I believe, but am not certain, that the orange lamps have a half-life of 10 years.

Trijicon also supplies a lot of aftermarket night sight manufacturers with their tubes.

December 27, 2002, 07:38 PM
You can try Mepro Lights through Kimber.

Texas Bob
December 27, 2002, 07:59 PM
E-mail trijicon and tell them about your sites. If they are "in" warrenty they'll replace the lamps no charge. If the warrenty is up you can still send them your slide and for a modest fee($12-15) per lamp they will reinstall new lamps and send it back to you. Usually cheaper than buying new sites.:)

Mr.

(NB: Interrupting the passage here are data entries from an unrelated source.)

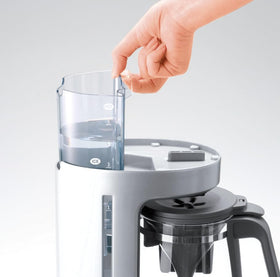 Zojirushi ZUTTO EC-DAC50SZ ice coffee measure lines balance flavor when iced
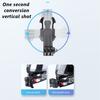 Motorcycle Helmet Chin Stand Mount Holder 360 Degree Rotation Bracket Compatible For Gopro10/9 Dji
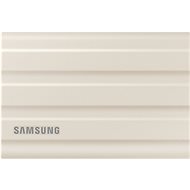 Samsung Portable SSD T7 Shield 1 TB béžová - Externý disk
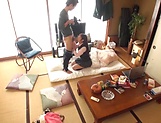 Misaki Kanna got a rear fuck from her ex picture 11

Hankey
December 29, 2002, 06:48 PM
From what I understand, none of the night sight manufacturers actually build the tritium vials themselves.

They are purchased from industrial supplier.
And that there are only a handfull of companies that actually manufacture them.

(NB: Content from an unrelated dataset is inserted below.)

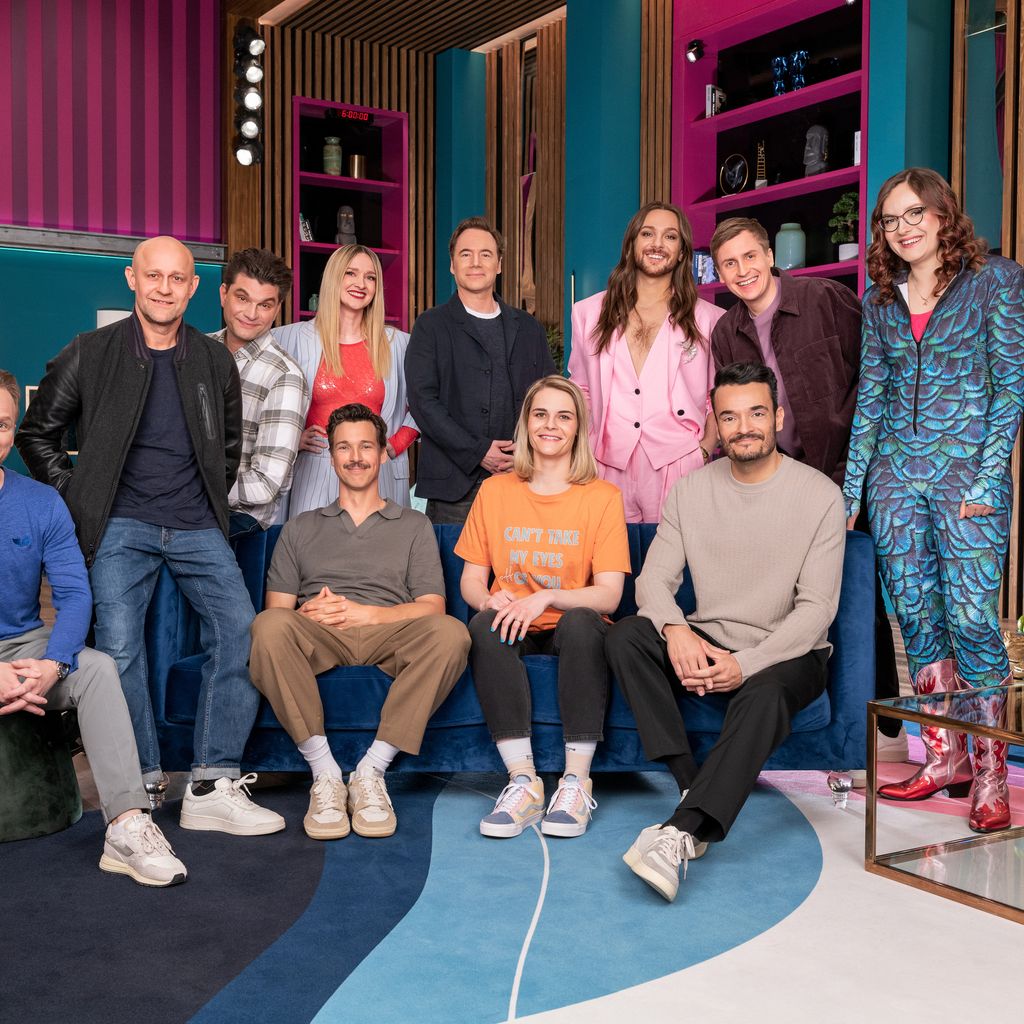 "LOL: Last One Laughing"-Cast von Staffel sechs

December 29, 2002, 10:28 PM
a friend who is a dealer told me the projected life can be misleading due to the fact that some sights can lay around for a while before they are sold, and some time goes by between the time the vials are activated and then actually made into specific sights...tom

Kahr carrier
December 30, 2002, 06:15 AM
Trijicon usually have the year the night sight is made painted on the sight.:)

December 30, 2002, 11:45 AM
I just installed my 5th set of Trijicon sights. On the other 4 guns, the ages are 8-11 years old and still going strong.

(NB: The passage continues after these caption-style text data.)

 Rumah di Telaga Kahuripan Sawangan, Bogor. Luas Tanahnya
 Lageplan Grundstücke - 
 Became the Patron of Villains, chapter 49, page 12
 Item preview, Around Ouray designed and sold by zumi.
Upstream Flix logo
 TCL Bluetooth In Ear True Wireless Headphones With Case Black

December 30, 2002, 11:55 AM
You can always try and get some sort of relief from the manufacturer but I'm guessing that age has been the major factor in the dimness of those sights.

December 30, 2002, 02:59 PM
Was into the night sight thing, now just like the front post lit. Still have a couple of snake eyes though.

December 31, 2002, 10:45 PM
Seems to me Trij NS usually have dates stamped and usually highlighted in white on the sights indicating when they were manufactured. If you see that it is less than 12 years since the date of manufacture (check their website to make sure, then call them and arrange for a warranty adjustment).

happy old sailor
January 1, 2003, 03:04 PM
try cleaning them with a Q tip and Windex or alcohol. mine collect gunkand get dim. Trijicons on my G19 are 98's and look much birghter when clean. still very useable.

January 1, 2003, 03:21 PM
Try the fiber-optic sights. They are about 1/5th the price and much brighter - unless you're in absolute darkness. But then, you couldn't what you were shooting at anyway.


January 1, 2003, 03:47 PM
TriJicons have worked best for me. The yellow don't last nearly as well as the green. Another thing to watch for the the manufacture date, some retailers may sell sights a few years old.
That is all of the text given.